Next week Mother Teresa: Come Be My Light will be published. The book consists primarily of Mother Teresa’s letters over a period of 66 years in which she frequently confesses doubts about her faith. Consider this passage in which she even questions the existence of God:
So many unanswered questions live within me afraid to uncover them—because of the blasphemy—If there be God—please forgive me—When I try to raise my thoughts to Heaven—there is such convicting emptiness that those very thoughts return like sharp knives and hurt my very soul.—I am told God loves me—and yet the reality of darkness and coldness and emptiness is so great that nothing touches my soul. Did I make a mistake in surrendering blindly to the Call of the Sacred Heart?
Many passages in the book are in sharp contrast to Mother Teresa’s public image. In this book, Mother Teresa described her ever-present smile as “a cloak that covers everything.”

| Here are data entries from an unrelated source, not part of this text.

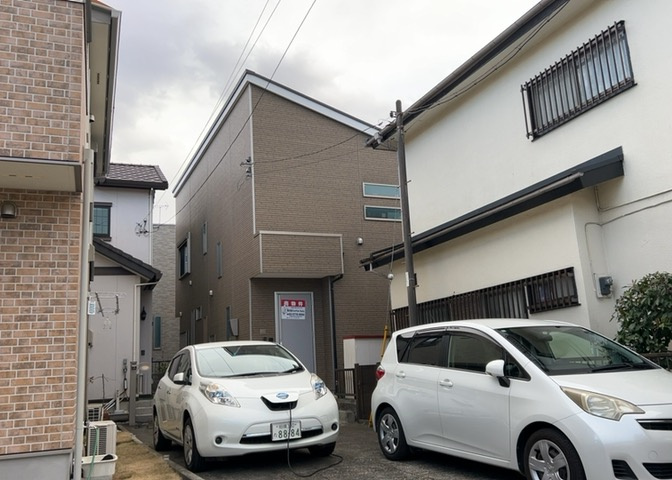 当然のことではありますが、オートロックやセンサーライト、ホームセキュリティーなどの防犯設備があれば、小さいお子様がいるご家庭も安心ですよね！まず物件購入の際は、防犯設備もチェックするようにしましょう。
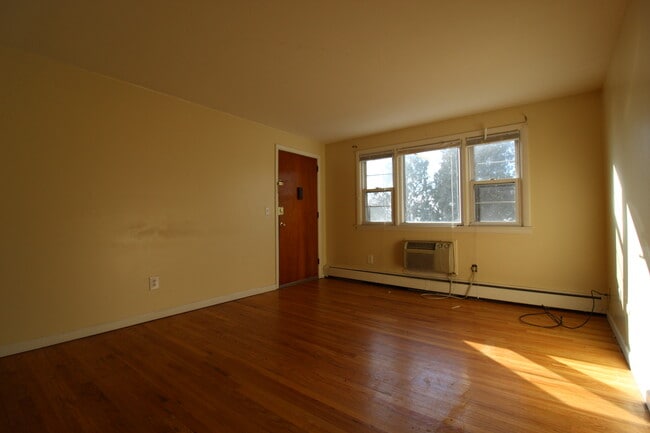 Photo - 14-20 Sisson St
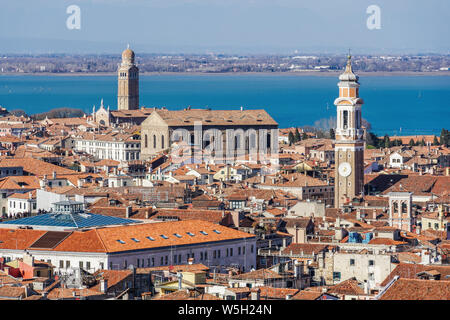 Panoramablick auf die Dächer der Stadt Norden Ansicht mit flachen Gebäuden mit roten Fliesen, vom Markusplatz Campanile, Venedig, UNESCO, Venetien, Italien gesehen Stockfoto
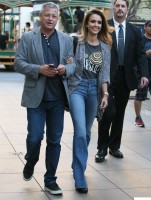 Джессика Альба. Джессика Альба направляется на съемки фильма "Особо опасна" в Западном Голливуде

No doubt that many will be shocked by the revelations in this new book. This is because there is a need many human beings have to see individuals who lead extraordinary lives as having special abilities or being especially blessed. The need to see them in this light arises because many individuals seek an excuse for not living up to their own potential.
From the viewpoint of the ego, it is only those “special” individuals who are responsible for living a life that has the highest reflection of who they are. It is only these “special” beings who are responsible for developing their unique gifts. Our ego counsels that we, lesser individuals, can settle for a life that is not lived according to our highest principles and values.
What Mother Teresa’s extraordinary life teaches is that any of us can choose to ignore the thoughts of the ego and see through the illusions that the ego provides. Although she was tortured by her doubts, she chose moment-by-moment to live her life according to her highest principles and values.
In doing so, she became an example for all of humanity. Thoughts of doubt may come and go, the ego’s false counsel might even linger, but there is a place inside each of us that can still choose inspired ideas.
When we read of Mother Teresa’s torment, no longer can we say that we will choose to live an inspired life when all the circumstances fall into place for us. Few are called to follow Mother Teresa’s path in form, but we are all chosen by Love that is not of our making, to follow her path in content.
In other words, wherever we find ourselves is our place to begin to choose inspired ideas. There is a story from the Hasidic Jewish religious tradition about Rabbi Zusya who said: “In the coming world, they will not ask me: `Why were you not Moses?’ They will ask me: `Why were you not Zusya?’”
Mother Teresa was not a great woman because she had special gifts. She was a great woman because she chose to moment-by-moment to honor her gifts in spite of her doubts.
The 13th Century Sufi poet Rumi wrote:
Today, like every other day, we wake up empty
and frightened. Don’t open the door to the study
and begin reading. Take down a musical instrument.
Let the beauty we love be what we do.
There are hundreds of ways to kneel and kiss the ground.
Mother Teresa may have woke up many mornings feeling “empty” but she “let the beauty we love be what we do” in an extraordinary way.